Artikel 2 Toepassingsgebied

Deze beleidsregel is van toepassing op de behandeling van aanvragen voor ontheffingen voor een exceptioneel transport op basis van artikel 149a, tweede lid Wegenverkeerswet 1994.

Artikel 3 Soorten ontheffingen

Ontheffingen worden onderscheiden in langlopende ontheffingen en incidentele ontheffingen.

Artikel 4 Langlopende ontheffing

  • 1. Een langlopende ontheffing wordt verleend voor slechts 1 voertuig of 1 samenstel van voertuigen voor exceptionele transporten over een verzameling van wegen of weggedeeltes en heeft een geldigheidsduur van maximaal 1 jaar.

  • 2. Een langlopende ontheffing kan worden verleend indien de aanvraag betrekking heeft op:

    • a. een breedte die niet meer bedraagt dan 3,50 m;

    • b. een lengte die niet meer bedraagt dan 27,00 m;

    • c. een hoogte die niet meer bedraagt dan 4,15 m;

    • d. een maximale massa die niet meer bedraagt dan 100 ton;

    • e. een maximale aslast van 12 ton.

  • 3. In afwijking van het vorige lid kan een langlopende ontheffing worden verleend voor een bepaald gebied indien de aanvraag de in het tweede lid genoemde waarden overschrijdt mits:

    • a. de aanvraag betrekking heeft op wegen of weggedeeltes van niet meer dan één wegbeheerder, en

    • b. de aanvraag géén betrekking heeft op het gebruik van autosnelwegen onder beheer van het Rijk.

Artikel 5 Incidentele ontheffing

  • 1. Een incidentele ontheffingen kan worden verleend voor één bepaalde route en voor maximaal 4 voertuigen of 4 samenstellen van voertuigen, mits de kentekens van de voertuigen of samenstellen van voertuigen op het aanvraagformulier zijn vermeld.

  • 2. Incidentele ontheffingen kunnen worden verleend met een geldigheidsduur van:

    • a. maximaal twee weken, of

    • b. maximaal drie maanden, of

    • c. maximaal 1 jaar.

  • 3. Incidentele projectontheffingen als bedoeld in het tweede lid, onder b, kunnen slechts worden verleend indien meerdere identieke exceptionele transporten door dezelfde transporteur gedurende een bepaalde en beperkte periode over één bepaalde route moeten worden uitgevoerd.

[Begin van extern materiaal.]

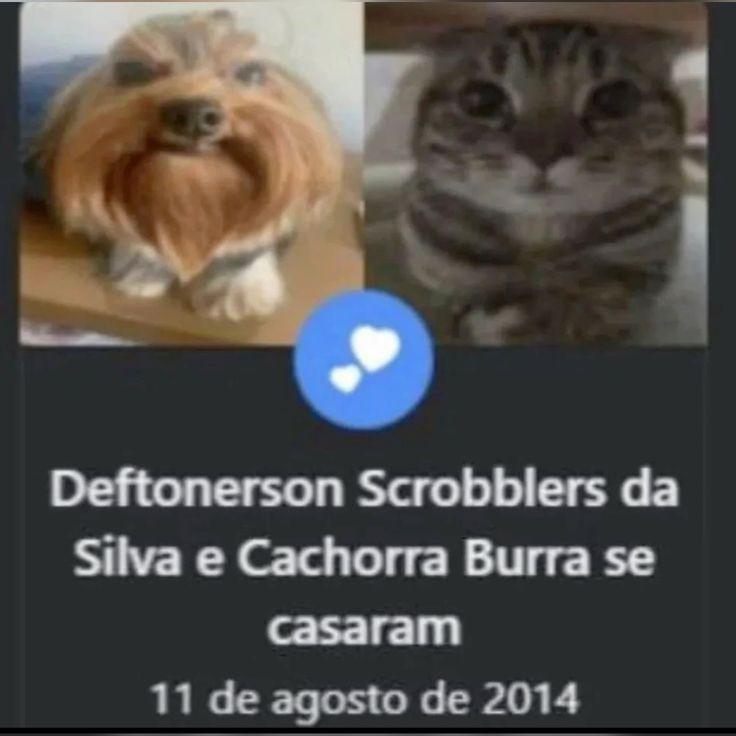 susgovbr's tweet photo. fofos https://t.co/QFnMlsXln1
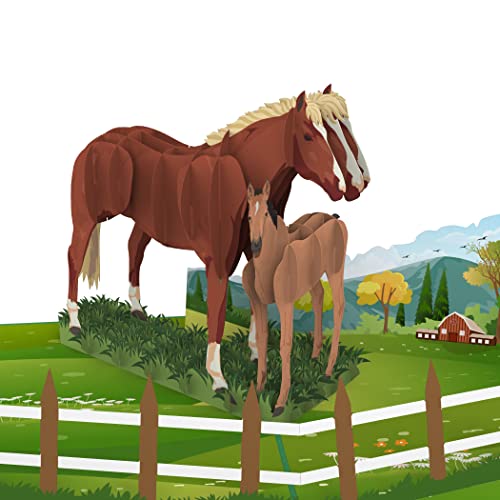 Brinquedo de Trabalhos Manuais MOKIO Pop-Up Card Horse (4 anos) MOKIO - Cartões de cumprimentos e de nota - trabalhos manuais, carta 3d, criativas, capacidades motoras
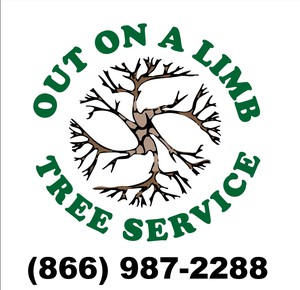 Out On A Limb Tree Service Arlington Wa Skagit Directory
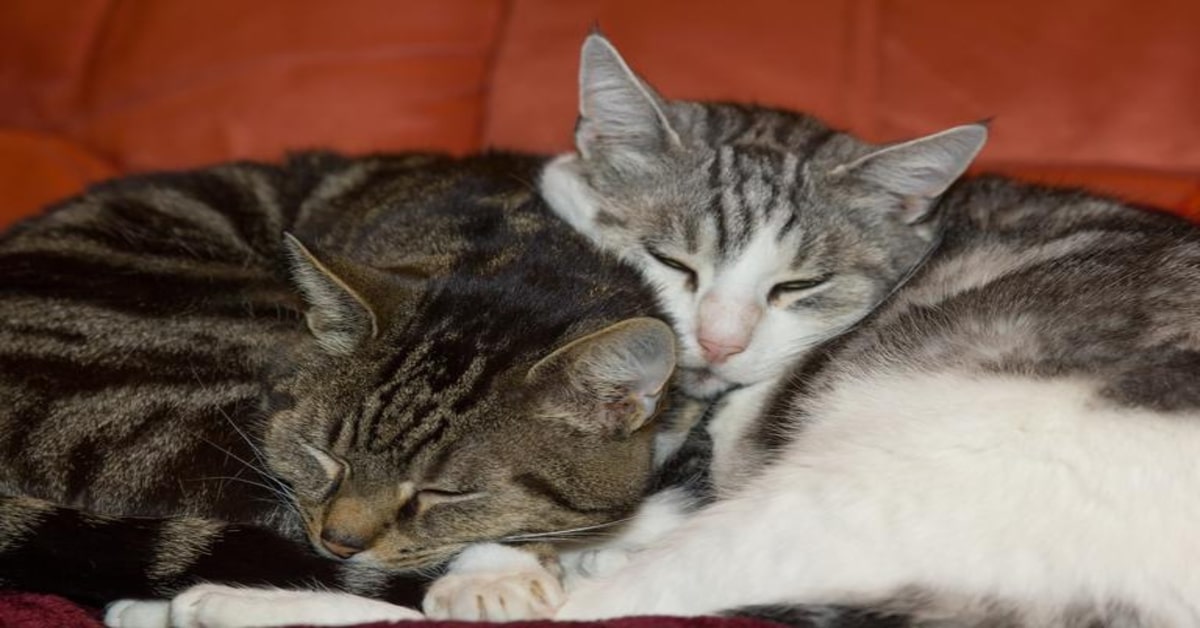 Una tenera scena di due gattini innamorati che si baciano conquista migliaia di utenti (VIDEO)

Een projectontheffing met een geldigheidsduur van zes weken of meer wordt slechts verleend voor een exceptioneel transport indien:

    • a. de breedte niet meer bedraagt dan 4,50 m, of

    • b. de lengte niet meer bedraagt dan 60 m, of

    • c. de hoogte niet meer bedraagt dan 4,50 m.

  • 4. Incidentele ontheffingen als bedoeld in het tweede lid, onder c, kunnen voor een bepaalde bestemming slechts worden verleend indien:

    • a. de aanvrager in het bezit is van een langlopende ontheffing als bedoeld in artikel 4, tweede lid, die tenminste geldig is voor de maximale afmetingen en massa ’s van één van in het derde lid genoemde onderdelen a tot en met e, voor wegen onder het beheer van het Rijk, en

    • b. de aangevraagde route, mits dit de meest doelmatige route is, niet meer dan 15 kilometer bedraagt en geen betrekking heeft op autosnelwegen onder beheer van het Rijk, en

    • c. de aanvraag de artikel 4, tweede lid, onder a tot en met e, genoemde maten en gewichten niet overschrijd.

  • 5. Incidentele ontheffingen als bedoeld in het tweede lid, onder c, kunnen tevens als opstap- ontheffing worden verleend indien de aangevraagde route:

    • a. geen betrekking heeft op autosnelwegen onder beheer van het Rijk, en

    • b. mits het de meest veilige en doelmatige route is, deze route niet meer dan 15 kilometer bedraagt, en

    • c. wegen of weggedeeltes onder beheer van niet meer dan twee wegbeheerders betreft.

Artikel 6 Ontheffingen voor onbeladen voertuigen

Een ontheffing kan worden verleend indien de aanvraag betrekking heeft op voertuigen bestemd voor het vervoer van ondeelbare lading in onbeladen toestand indien:

  • a. het voertuig of samenstel van voertuigen voldoet aan het bepaalde in bijlage A, of

  • b. het een samenstel van een trekker en oplegger betreft, waarbij de afzonderlijke voertuigen voldoen aan het bepaalde in hoofdstuk 5 van de Regeling voertuigen, mits:

    • de oplegger door vergroting van de wielbasis uitschuifbaar is;

    • de totale lengte van het samenstel van voertuigen niet meer bedraagt dan 18,00 m indien de oplegger niet is voorzien van een gedwongen besturing;

    • de totale lengte van het samenstel van voertuigen niet meer bedraagt dan 20,00 m indien de oplegger is voorzien van een gedwongen besturing.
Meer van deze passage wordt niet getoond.